Chicken Enchiladas from 100 Days of Real Food

4.6 from 19 reviews
Chicken Enchiladas (eat one casserole and freeze the other!)
Adapted from Rachael Ray on
  • 12 whole-grain corn tortillas
  • 1 “all natural” rotisserie chicken from Earth Fare (or similar store) or boil your own raw whole organic chicken or 4 chicken breasts
  • 1 cup of cooked brown rice
  • 1 cup of frozen corn kernels
  • 3 tablespoons organic tomato paste
  • Chili powder
  • Ground cumin
  • 3 cups organic canned tomato sauce (with no salt added if you can find it)
  • 1 – 2 teaspoons cayenne pepper (depending on if you like a little spice)
  • Ground cinnamon
  • Monterey Jack cheese
  • Optional: sour cream, cilantro, avocado or guacamole
  1. Preheat the oven to 275 degrees F.
  2. Wrap corn tortillas in foil and warm in the oven while you prepare everything else.
  3. Shred cooked chicken using forks.
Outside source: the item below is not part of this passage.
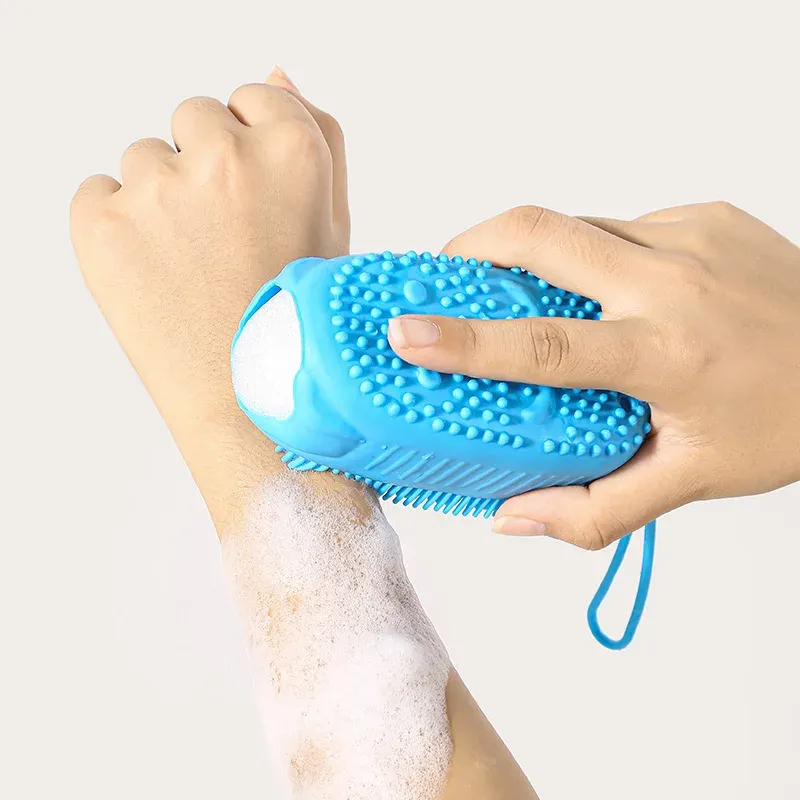 Brosse à bulles en silicone en utilisation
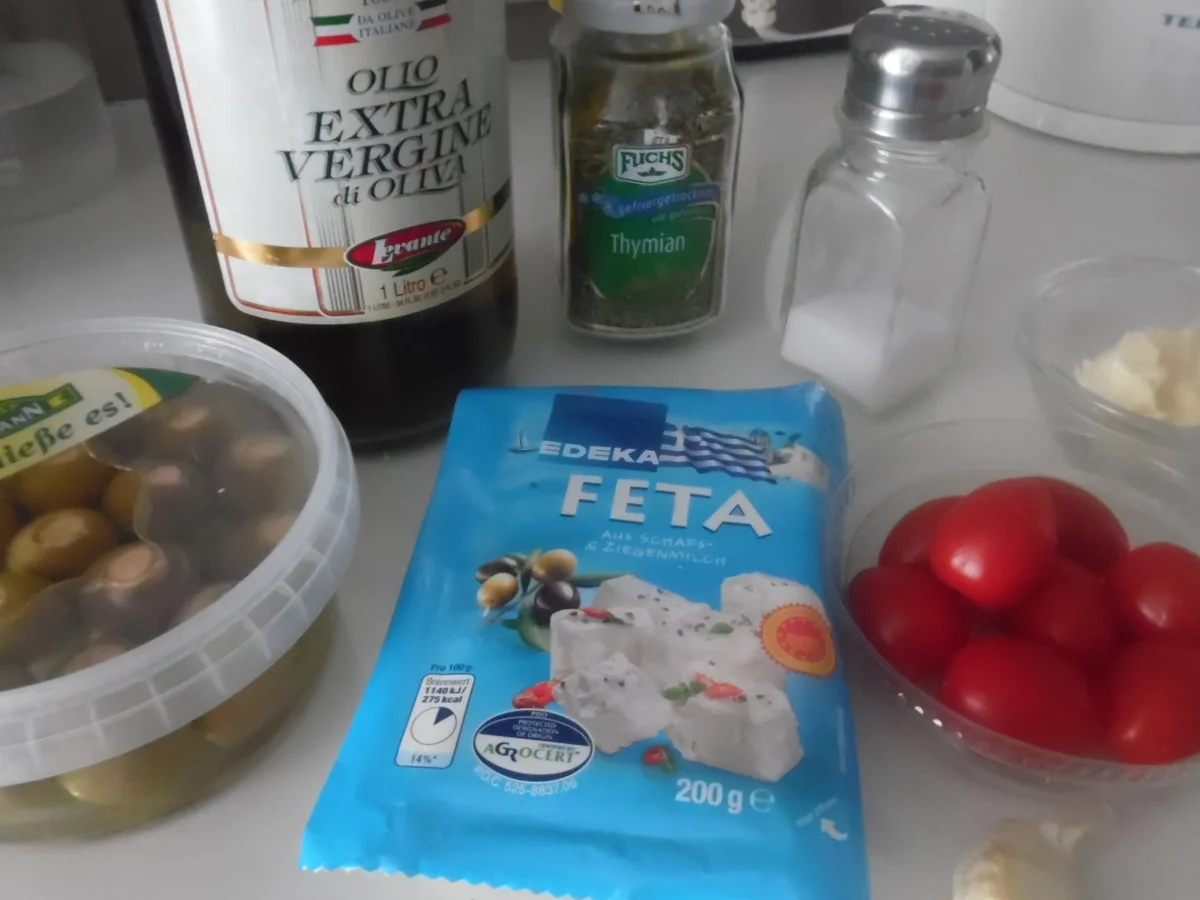 Focaccia mit Tomaten, Schafskäse und Oliven - Rezept - Bild Nr. 2960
Mix in 3 tablespoons tomato paste, ½ cup grated cheese, rice, frozen corn kernels (no need to defrost them), 1 teaspoon chili powder, and 1 teaspoon ground cumin.
  4. For the sauce combine 3 cups tomato sauce, pepper, ½ teaspoon cinnamon, 1 ½ teaspoons chili powder and heat through, keeping warm until needed.
  5. Remove tortillas from oven and switch on broiler to high. Now with most enchilada recipes you have to individually wrap up each tortilla with the filling, but why go through all of that effort when you can just layer it like lasagne and the end result still tastes the same?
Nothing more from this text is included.